The other example was a murkier scenario involving a New Jersey man with a history of mental health issues and a state cop getting tipped off about it by the man’s family as the man tried to buy a gun at a Virginia gun show. Wrote the Times-Dispatch:

While felons trying to buy guns represent the largest category of people who have been denied through background checks, authorities have increasingly turned their focus on the mentally ill in the wake of several mass shootings that involved disturbed gunmen.

Stopping such people can be difficult because of variances in how states enter mental health records that can be electronically checked to deny a gun purchase.

State police recently wrestled with that issue after a New Jersey man drove here to buy a firearm at a gun show at the Richmond International Raceway complex.

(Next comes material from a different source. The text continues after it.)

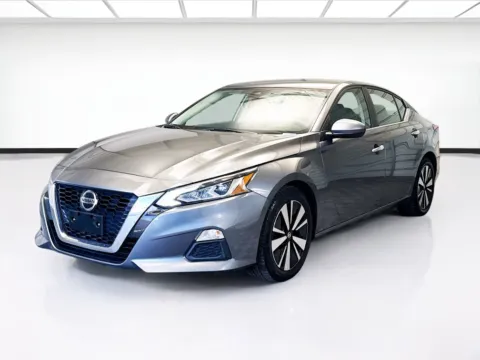 Gray 2022 Nissan Altima 2.5 SV for sale in Montclair, CA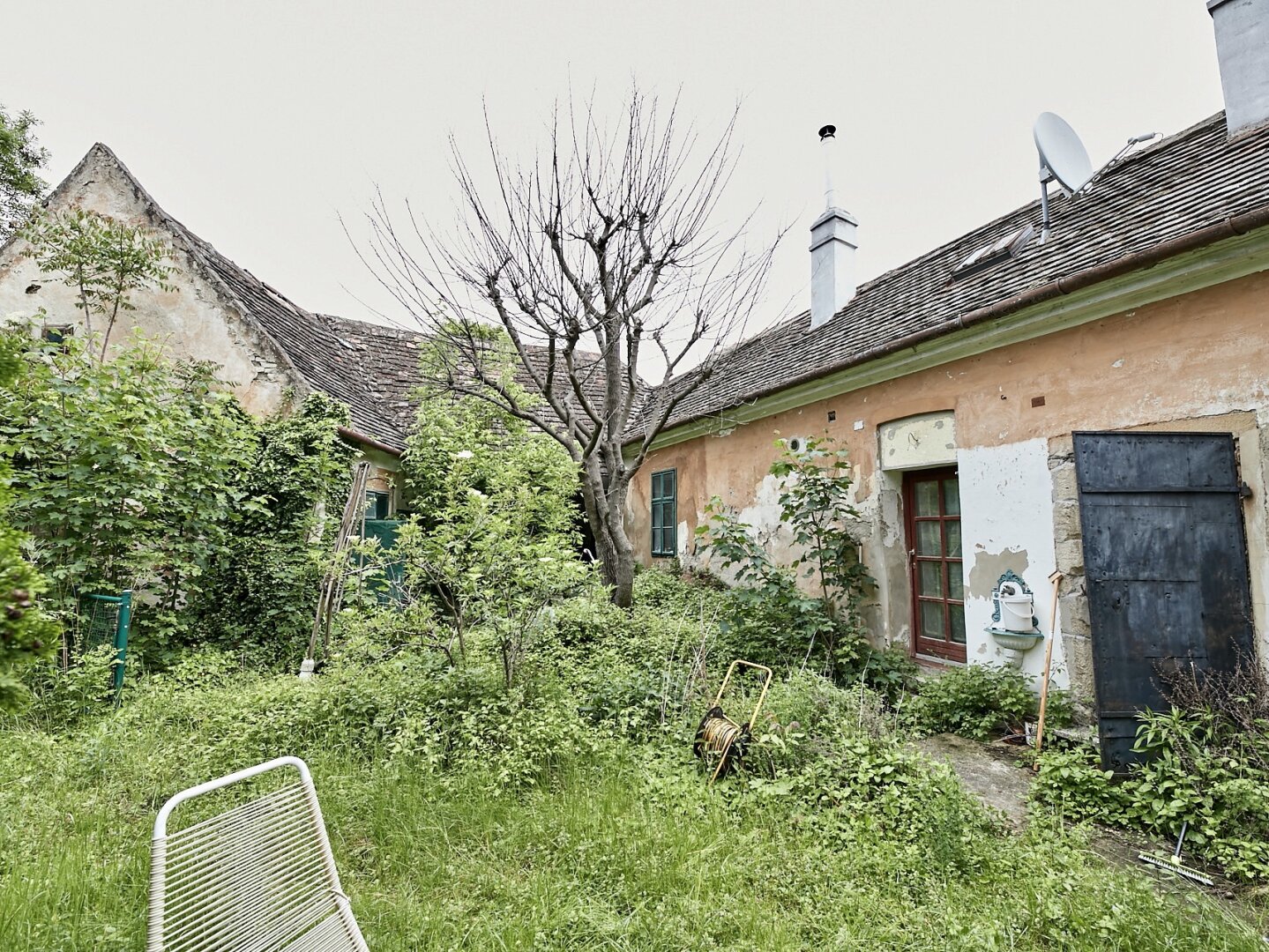 Schönes Doppel-Eckgrundstück mit Eigengarten und viel Potential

While the man was prevented by the police from purchasing a gun in Virginia, and an officer “entered information from the man’s mental health files through the Virginia Firearms Transaction Center to prevent him from purchasing a gun in the future,” the paper reported, “it couldn’t immediately be determined whether New Jersey authorities had earlier entered the man’s records.”

The piece explained that “existing law requires only federally licensed dealers to conduct background checks for gun purchases,” and noted that “several bills proposed during the current session of the General Assembly that would have required background checks for the private sale or transactions of firearms in Virginia, including those at gun shows, were defeated,” but only careful readers–of an accompanying photo caption–learned that “state residents polled are overwhelmingly in favor.”

The Times-Dispatch‘s effort could have been stronger had the reporter cast his expert net a bit wider, rather than talking to just one professor at a local college. One big-picture question the paper left unaddressed (and often goes unaddressed in this debate): What’s the relationship between effective background checks and reduced gun crime?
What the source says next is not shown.